Dataset extract =>
***
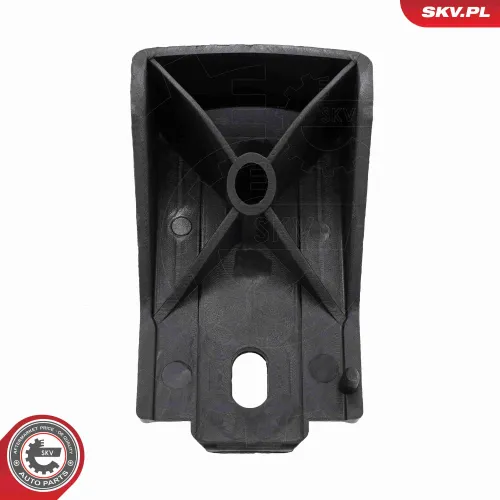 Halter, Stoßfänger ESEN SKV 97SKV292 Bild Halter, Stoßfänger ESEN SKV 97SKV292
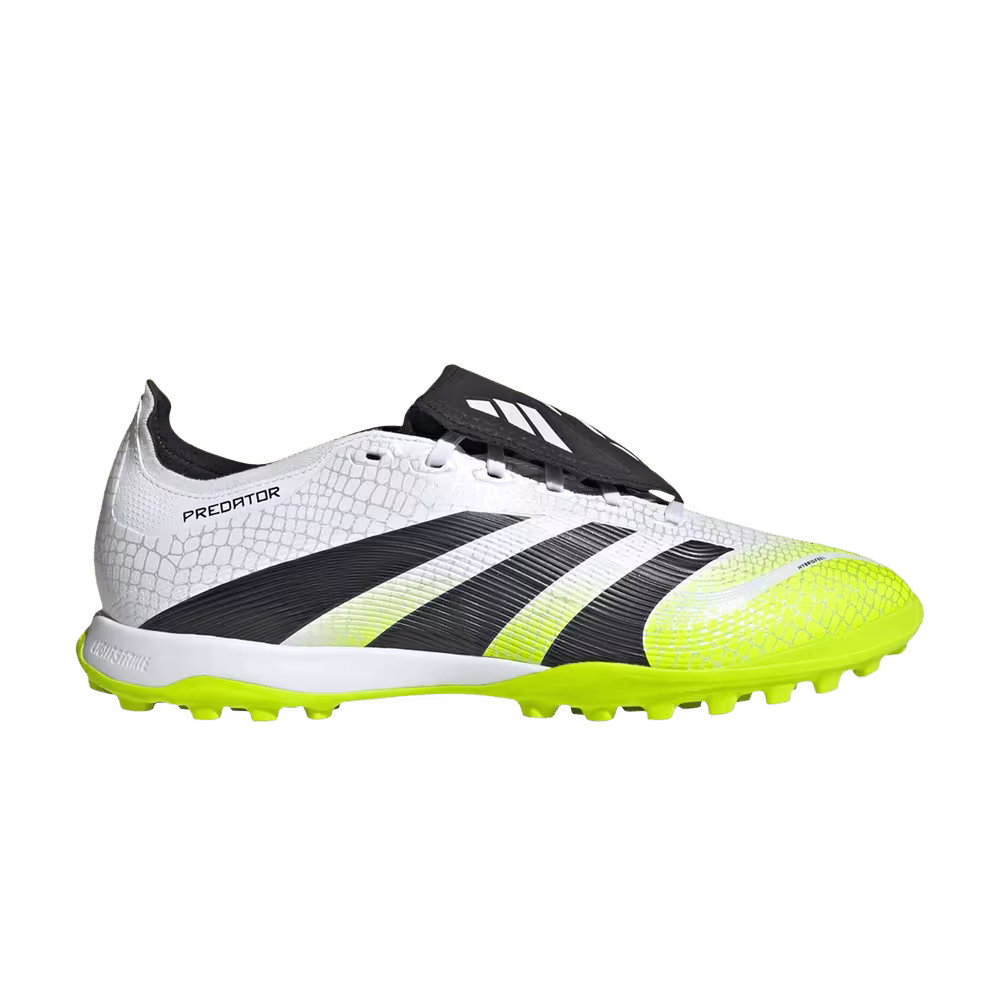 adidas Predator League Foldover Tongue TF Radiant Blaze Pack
***
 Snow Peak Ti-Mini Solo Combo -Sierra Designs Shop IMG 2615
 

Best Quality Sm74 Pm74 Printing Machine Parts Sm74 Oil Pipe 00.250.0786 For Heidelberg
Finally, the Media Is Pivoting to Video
***
What to do => Write down, word for word, the lines above from the one containing "Snow Peak Ti-Mini" through the one containing "Finally, the Media Is Pivoting to Video", both ends included.

Answer section =>
 Snow Peak Ti-Mini Solo Combo -Sierra Designs Shop IMG 2615
 

Best Quality Sm74 Pm74 Printing Machine Parts Sm74 Oil Pipe 00.250.0786 For Heidelberg
Finally, the Media Is Pivoting to Video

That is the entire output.